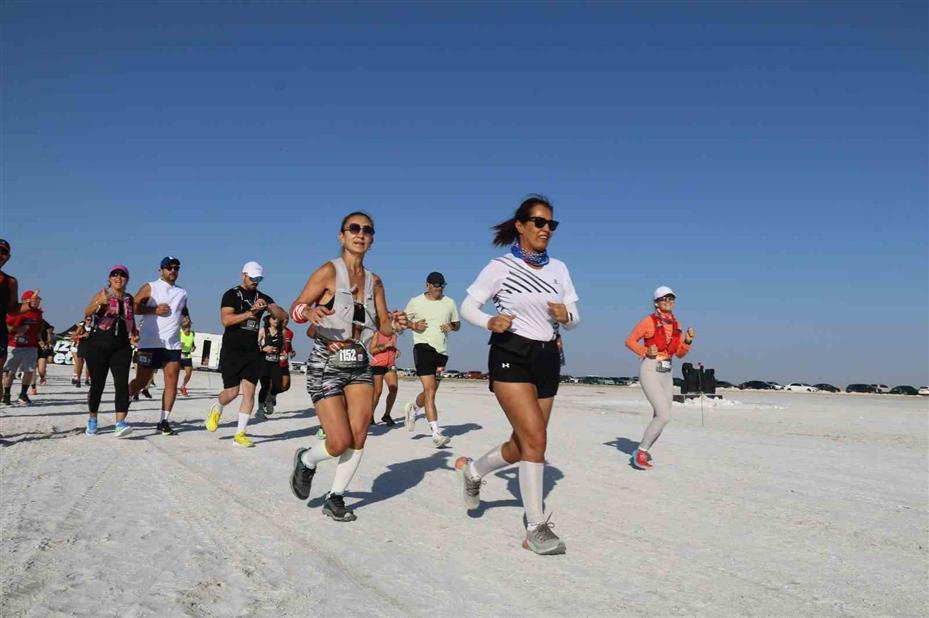 Runfire Salt Lake Ultra Trail Maratonu, renkli görüntülere sahne oldu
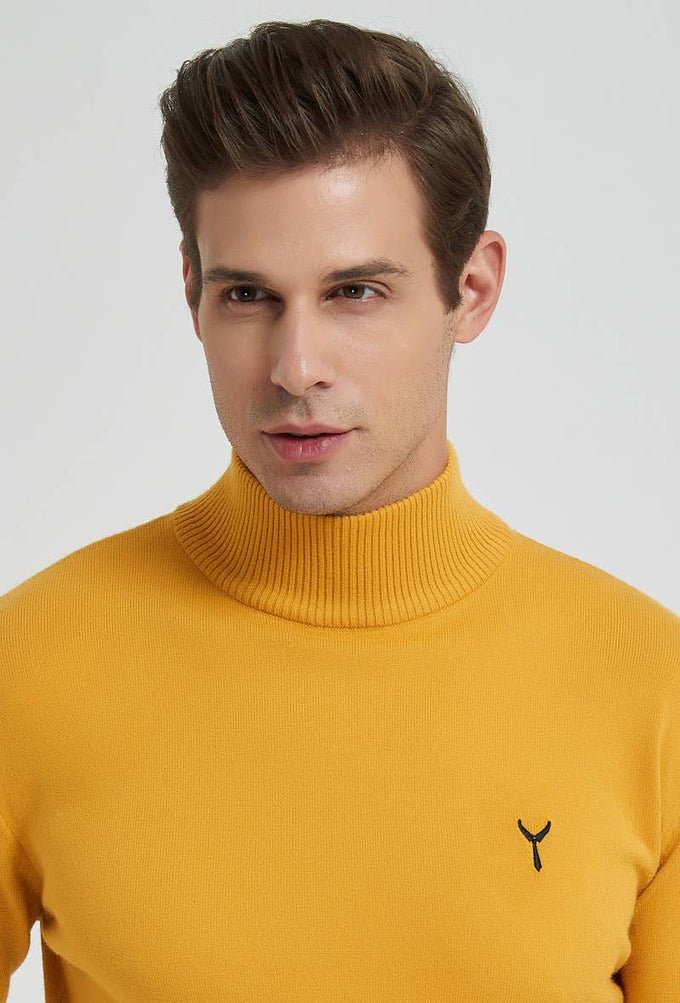 Maglione senape con collo a imbuto e logo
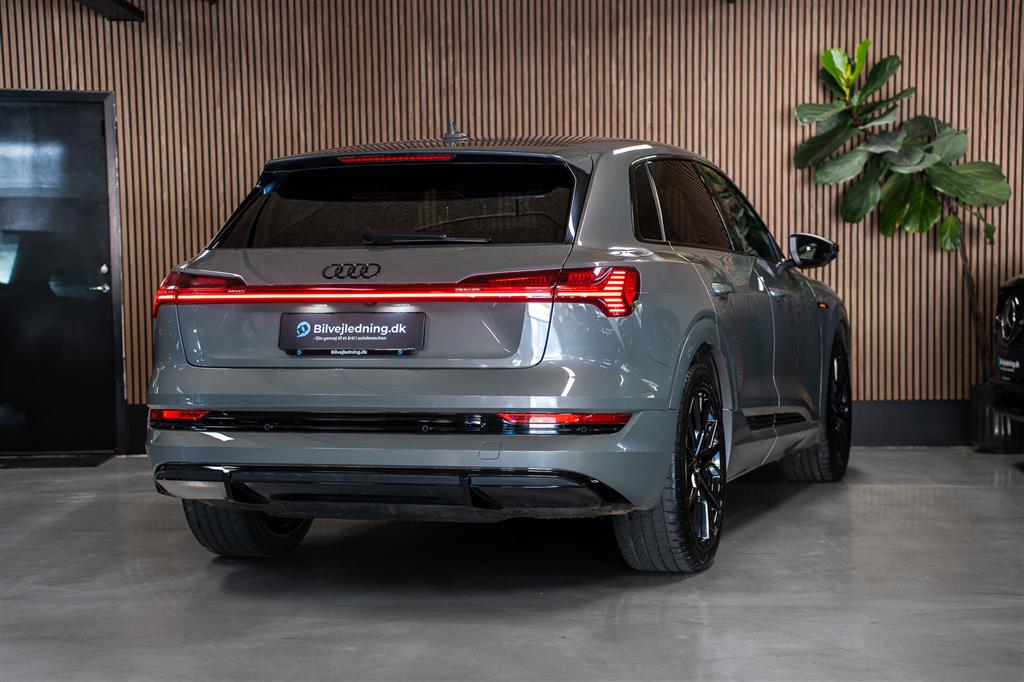 Audi E-tron 55 S Line Quattro 408HK 5d Aut. – Miniature 5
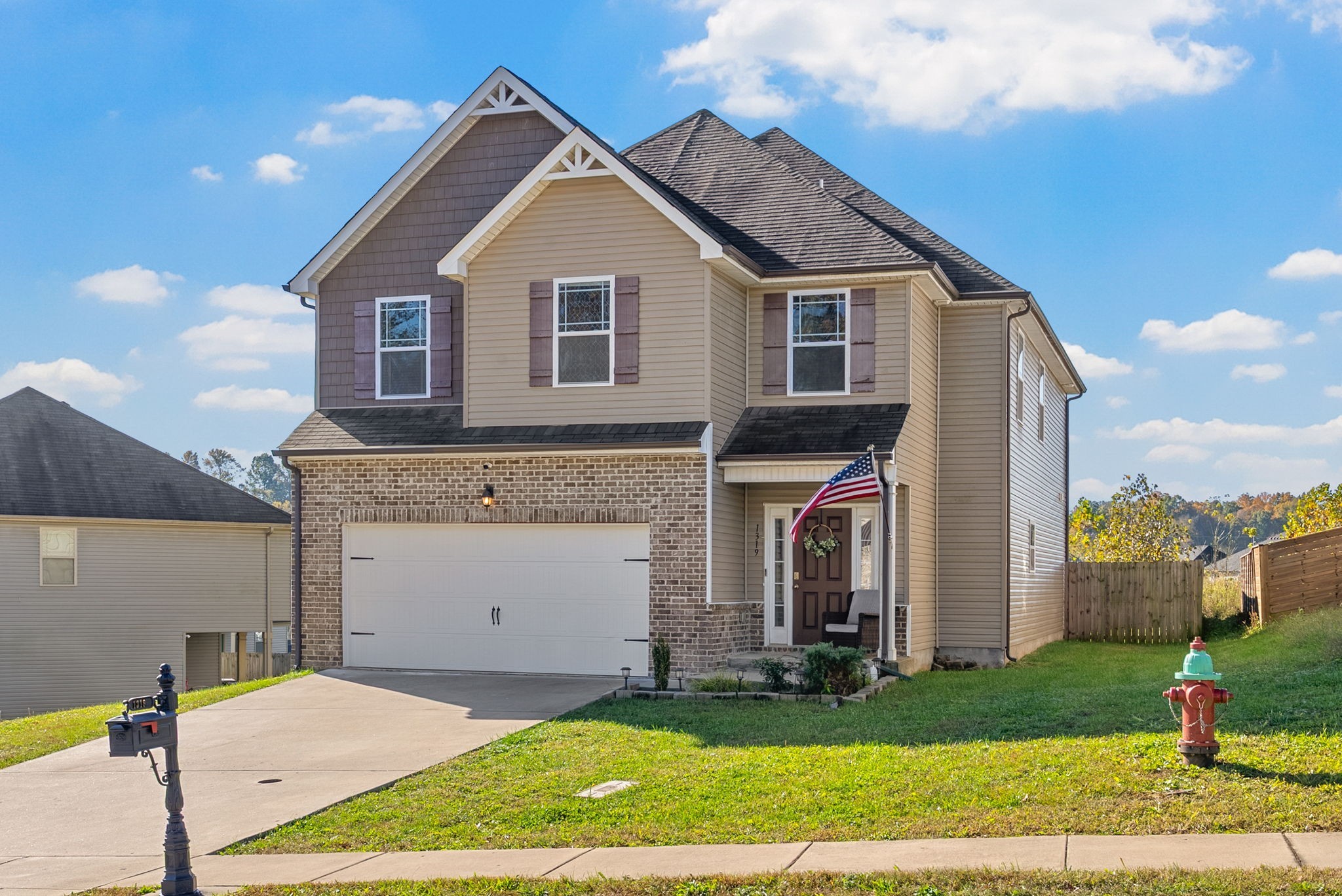 1319 Black Oak Cir Property Photo 1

» Task instructions
Reproduce the data above verbatim, minus any images.

» Expected answer
 Runfire Salt Lake Ultra Trail Maratonu, renkli görüntülere sahne oldu
 Maglione senape con collo a imbuto e logo
 Audi E-tron 55 S Line Quattro 408HK 5d Aut. – Miniature 5
 1319 Black Oak Cir Property Photo 1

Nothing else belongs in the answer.